I pulled myself together enough to negotiate a decent severance. My boss and I mirrored each other with fake smiles and shook hands a final time. "Good luck," he said. "I'm sure you'll find a great job and look back someday and think that this is the best thing that ever happened to you." His attempts to bright-side me pissed me off, but I kept my cool. I said my goodbyes to my coworkers, grabbed a few personal items and walked out the door. It was a Friday, about half past noon.
Season in the sun
By 1 p.m., I could see that my boss might have been a visionary - just not the way he intended to be. See, it wasn't just any Friday. It was a clear blue Southern California summer Friday, the kind of day that causes tax accountants from Minnesota to pack up their lives and move into ocean-view condos out west. It was also the kind of day that tends to neutralize panic. In the car on my way home, the fog began to clear from my head. I had a severance check in my pocket. I had a little "just in case" money stashed away. I was eligible for unemployment benefits. It was a nobrainer: If Italians and Germans could vacation for six weeks each year, I thought, I could certainly take the summer off. I turned my car around and headed for the beach.

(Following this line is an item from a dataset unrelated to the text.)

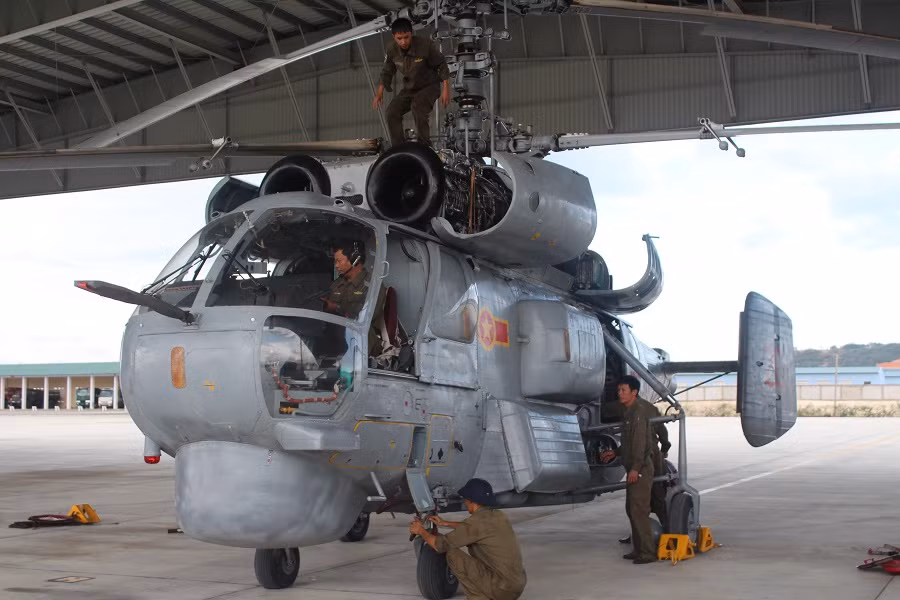 Ngoài Ka-32T, hiện Việt Nam vẫn duy trì số lượng nhỏ trực thăng chống ngầm Ka-28 – phiên bản xuất khẩu của loại Ka-27 biên chế trong Quân đội Nga. Số Ka-28 đã trải qua một đợt đại tu lớn vài năm trước ở nước ngoài.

One leisurely afternoon on the sand was followed by regular daylong body-boarding excursions. I quickly improved both my riding form and my sunscreen-application technique. When I wasn't at the beach, I got excited about trivial things, like sleeping without setting my alarm clock and visiting the post office during off-peak hours. I stayed up late with impunity watching David Letterman and Conan O'Brien and USA Up All Night movies starring former members of the Brat Pack. It was like being in college again, but without having to attend classes. Call it Heaven 101. My friend Dan even gave me an anti-superhero nickname: Unemployed Man.
I know what I did last summer
My days left me free to do whatever I wanted. I love to read, so I would devour the L.A. Times front to back. Sometimes I chased it with the New York Times, just because I could. One weekday morning, post-newspaper, I walked to the local Barnes and Noble to browse through the business books. (Could I, somehow, make a career out of reading all day?) As the escalator carried me upward, I heard a familiar voice. I spun around on the steps.
"Nora!" I yelled from between the first and second floors.
She hesitated, then whirled and looked up at me with the guilty face of the proverbial five-year-old caught with her hand in the proverbial cookie jar. "Mike?" she said. Relief spread across her face. "You scared the hell out of me." I used to work with Nora and, because she had called in sick that day, she thought for an instant that she'd been busted. We laughed.
My life was one giant sick day, minus the fear of getting caught. Reading, bad TV, beach. Rinse and repeat. Then my Dad interrupted my newly minted schedule. He called and asked if I could come over to help dean out the garage. What could I say? No, Dad, I've got to sleep in all week and spend all day reading about the stock-market crisis. I heard a sinister voice in my head: Unemployed Man, I've foiled your devious leisure plans!
For days we excavated the junk that had piled up over the years. Half-full cans of paint. Books and school papers. Old soccer balls and uniforms. Sifting through our family history, we began having some of those sappy father and son reminiscences depicted in made-for-TV movies. Remember when you coached my soccer team and we made it to the playoffs? Remember when we all painted the house? Remember when all this crap wasn't here and you could actually park the car in the garage? When we came across some old World War Il propaganda posters, we decided go see Saying Private Ryan. It was the first time we'd gone to a movie theater together in six years.